The section of the Vehicle Code under which defendant was convicted provides: “When the death of any person ensues within one year as the proximate result of injuries caused by the driving of any vehicle in a negligent manner or in the commission of an unlawful act not amounting to felony, the person so operating such vehicle shall be guilty of negligent homicide *.” By the enactment of this section the legislature defined a crime different from any of the crimes which had been defined in any of the various provisions of the Penal Code. The contention now presented by defendant was made to the District Court of Appeal, Third District, in People v. Warner, 27 Cal.App.2d 190, 80 P.2d 737, 739, and the court held in that case: “It is not necessary, however, to prove criminal negligence to establish the offense of negligent homicide. * Under the information here filed against this appellant it was only necessary to prove, other than the jurisdictional facts as to time and place, that the appellant was driving a motor vehicle in a negligent manner and that such driving resulted in the death of the person therein named.” We are in agreement with the conclusions reached in the Warner case.

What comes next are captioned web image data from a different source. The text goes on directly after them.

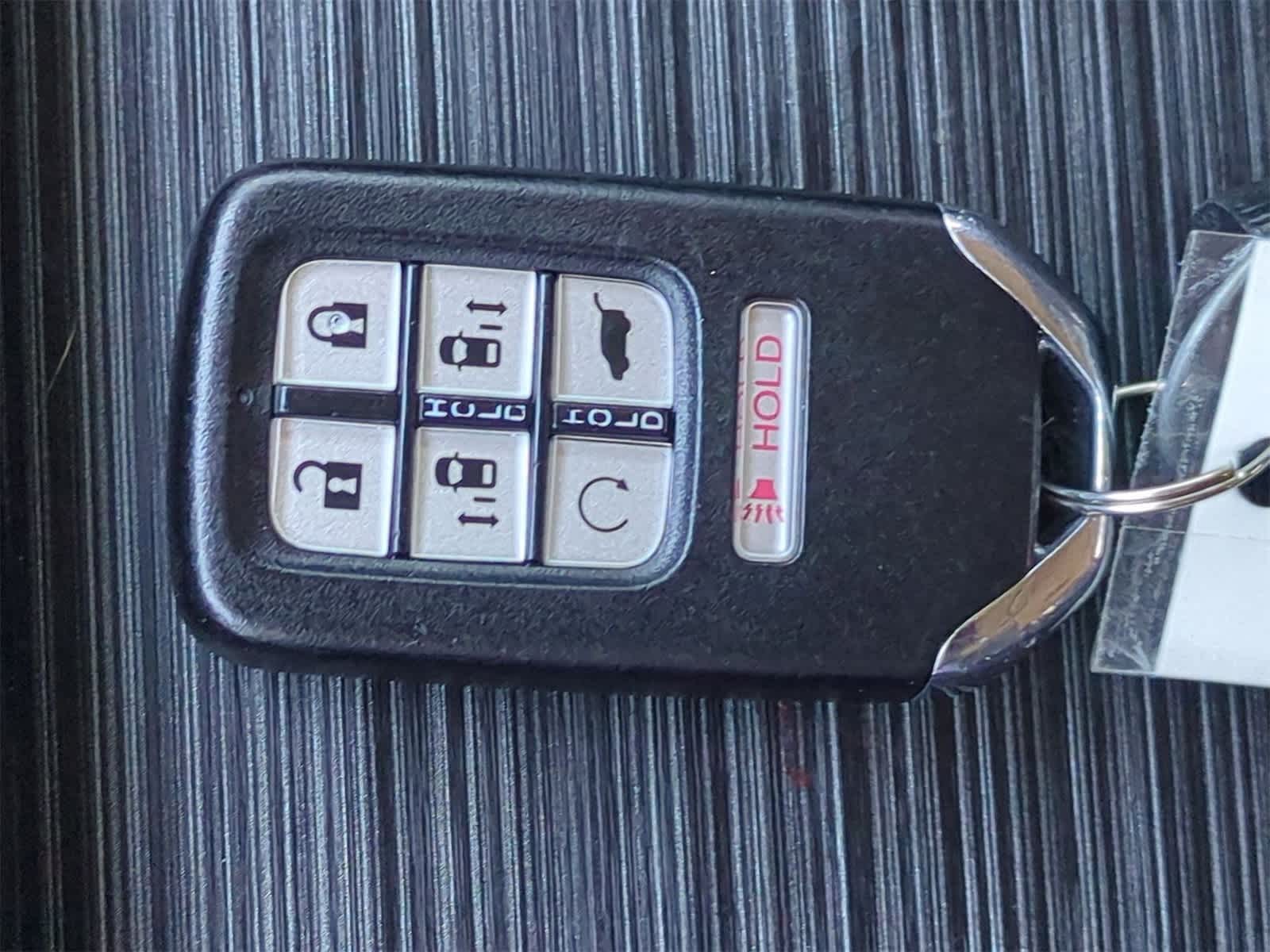 Thumbnail: 2023 Honda Odyssey - 35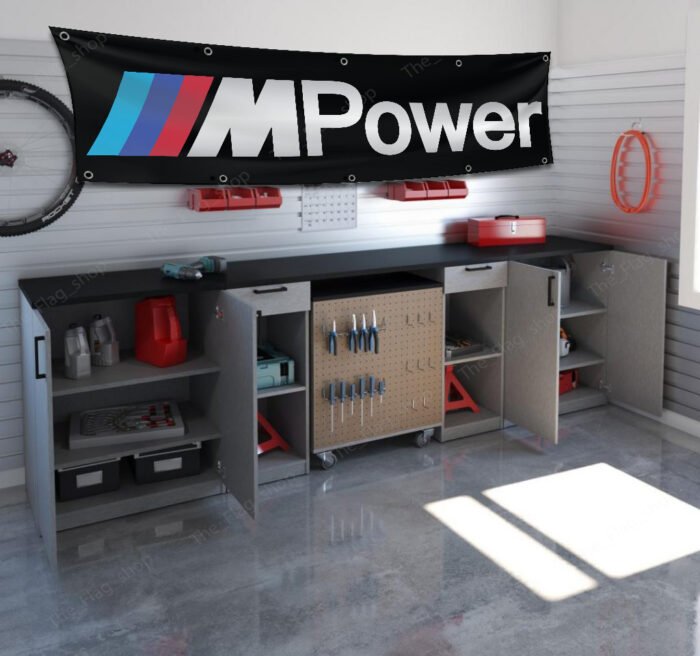 Brand-new, Packed in OPP Bag, Unopened & Unused Size: 60x240cm, 2'x8', 24''x96'' Material: High quality, durable and light weight polyester. The flag is single-ply, meaning the image can be seen on the opposite side as a mirror image. 10 Grommets, double stitched edges for durability Digital Print, for indoor and outdoor use Great for use outdoors or indoor. Suitable for proudly displaying in public, bulidings, companies, outdoors, playgrounds, roadsides, room, office, school, Anywhere you want to show.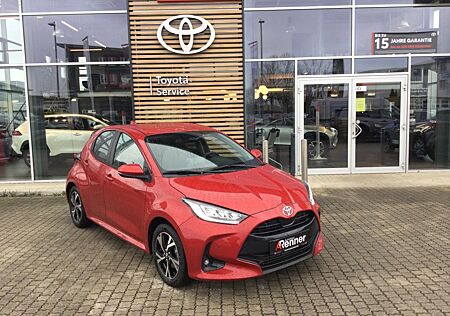 Toyota Yaris Hybrid 116 1.5 VVT-i Teamplayer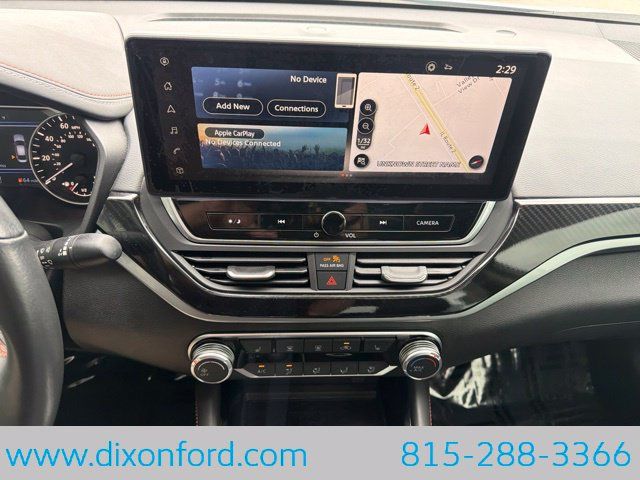 Used 2024 Nissan Altima 2.5 SR w/ SR Premium Package FWD image 14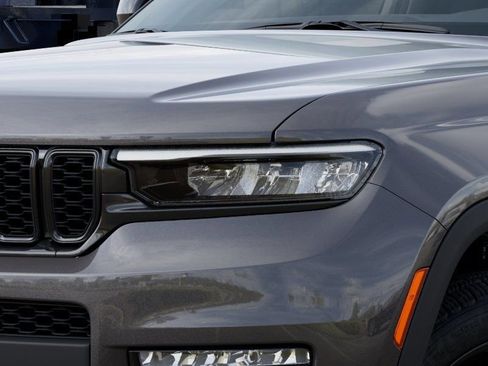 New 2025 Jeep Grand Cherokee L Limited w/ Black Appearance Package image 12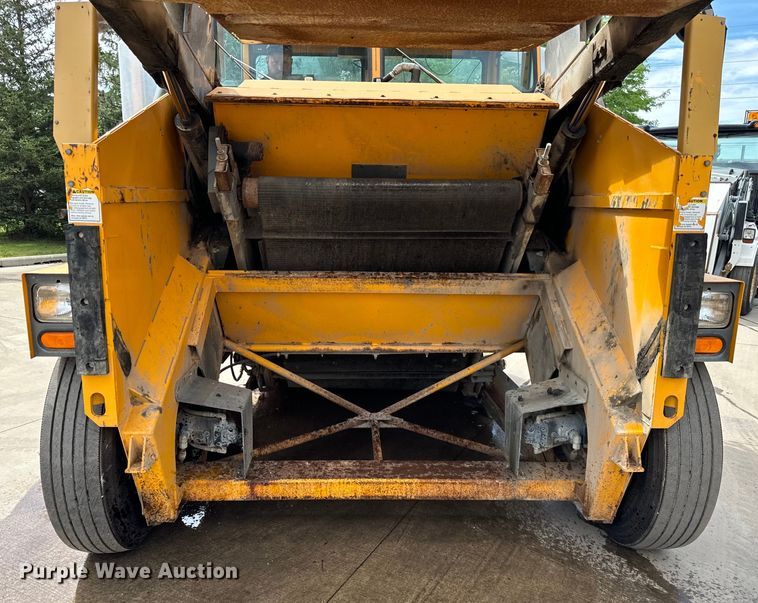 image for item DV5782 2000 Elgin  Pelican  street sweeper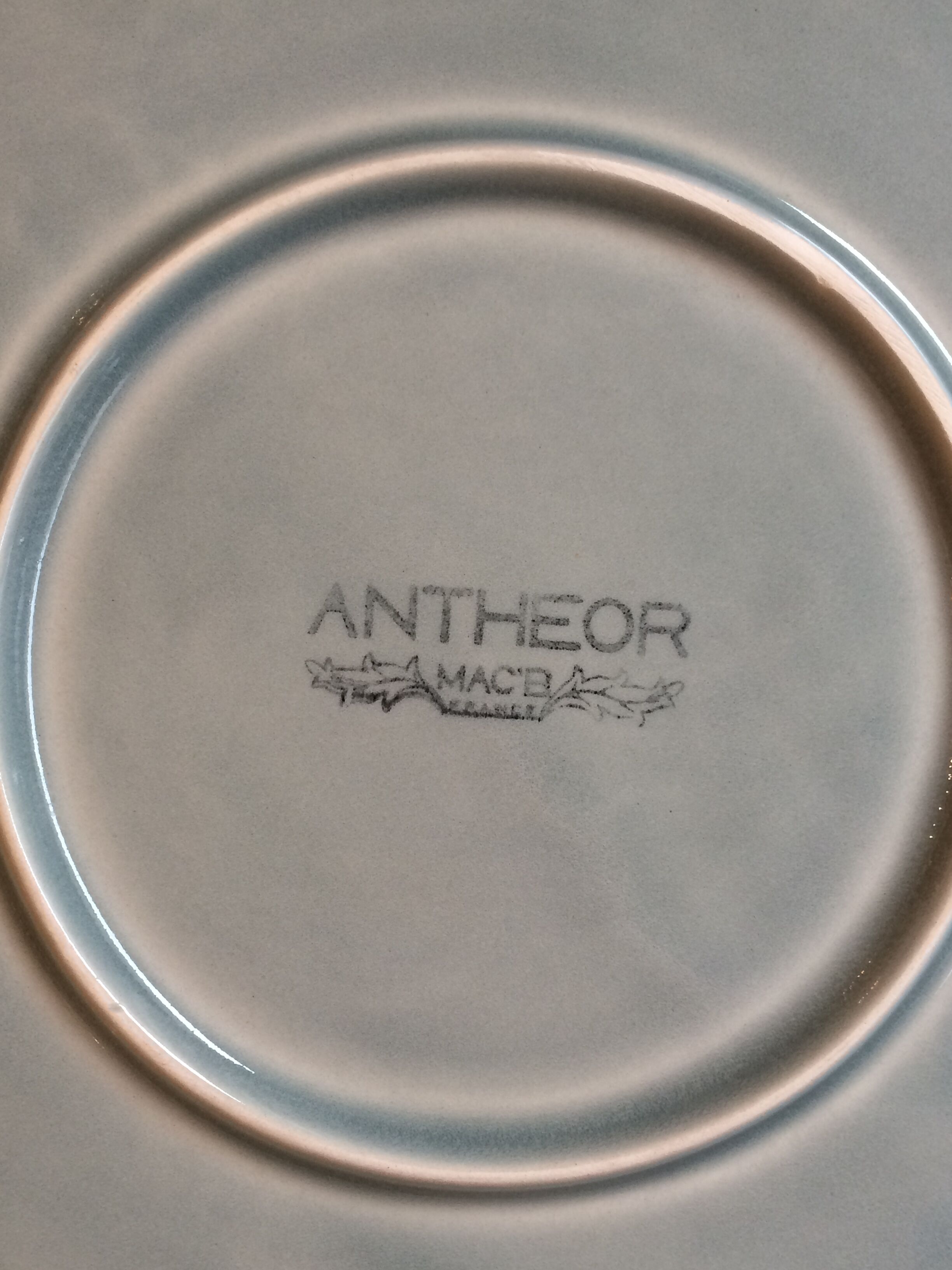 7 square plates in grey blue ceramic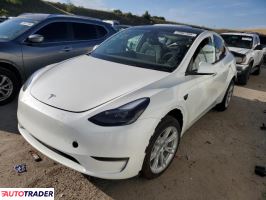 Tesla Model Y - zobacz ofertę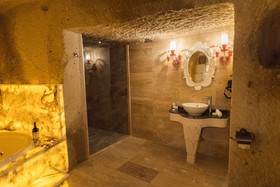 Solo Cave Suites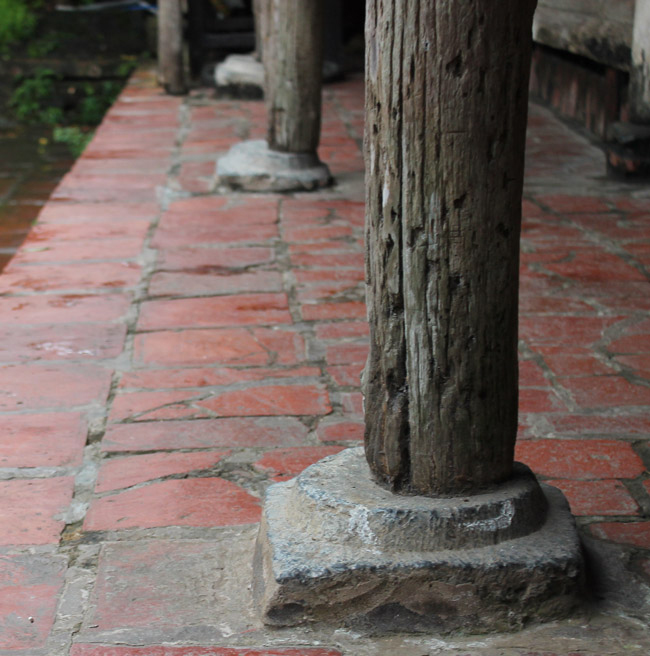 Dưới đế mỗi cột là những tảng đá xanh được người thợ gọt dũa một cách tinh xảo.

Defendant is not in position to complain of the fact that the instructions actually given may have been conflicting, for the condition was brought about by his own request. Moreover, he did not suffer prejudice by reason of the giving of any of the instructions, some of which were more favorable to him than he could legally demand. People v. Suesser, 142 Cal. 354, 75 P. 1093.

The order is affirmed.

WOOD, Acting Presiding Justice.

I concur: McCOMB, J.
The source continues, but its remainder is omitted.